Hi,

I think i agree except do we really need to state 2*inf because that's just infinity right?

Possibly. I specified it in that form so no one would say “What about an odd size. And it didn’t matter because as you say 2*∞ is the same as ∞ for the discussion. (of course, in general it depends on what you mean by “just infinity”. Infinities are not necessarily the same)

 

Hi,

Apparently there are a number of misunderstandings going on in this discussion.
For one, you dont seem to get that infinity is NOT a large number. The only time a large number can represent infinity is when the result of some calculation drops off fast not when it drops off gradually. I think this current test shows a gradual drop off not an exopnential drop off so the only thing that probably works is infinity and nothing short of that. Not 10^10, not 10^100, not 10^1000, not a google of zeros after a 1.
So there is no finite number you can choose that will work unless we can show that the error drops off exponentially because if it does not then there will always be an error until the theoretical infinity is reached, and that of course is not possible except in theory.

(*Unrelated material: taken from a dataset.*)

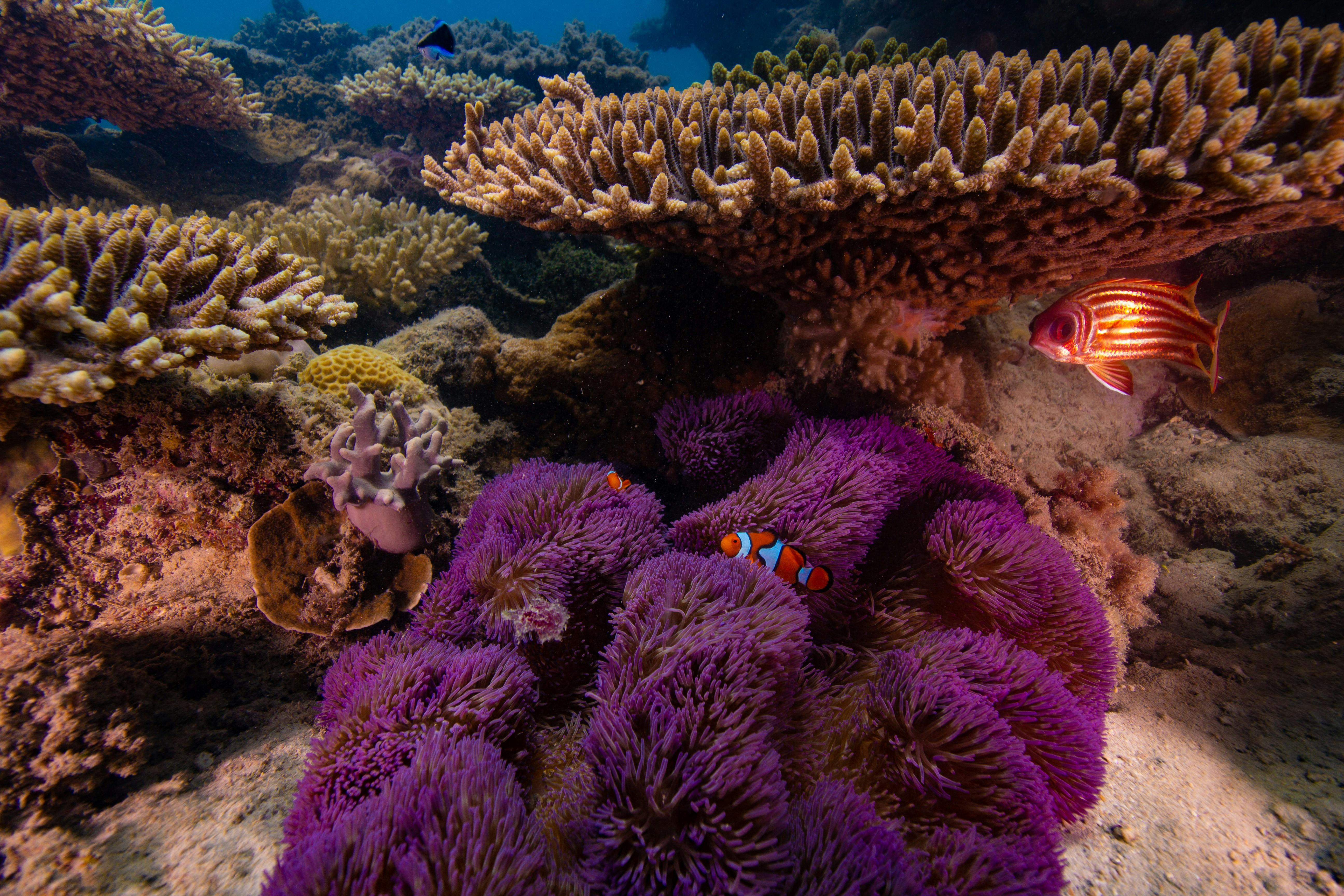 Nemo in Anemone Frankland Islands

So if your test is based on something that can only be true for exactly infinity and nothing less, then it's not a very practical test, is it?

You are basing your test on the expected results approaching what you would expect for the case of infinite trials but now you are claiming that the behavior of the system as the number of trials grows without bound is completely and radically different than it would be for the case of infinite trials. You can't have it both ways.

Let's see if I can rephrase this to get at the heart of the matter (or one of them) more explicitly.

I flip a coin (an ideal fair coin) 2N times and I get H heads and T tails. I then calculate X = H - T and I consider this trial a success if the magnitude of X -- call this the spread -- is no more than 100. In other words, it's a successful trial if the spread between the number of heads and the number of tails is no more than 100. Does the probability of success increase of decrease as N gets larger and larger?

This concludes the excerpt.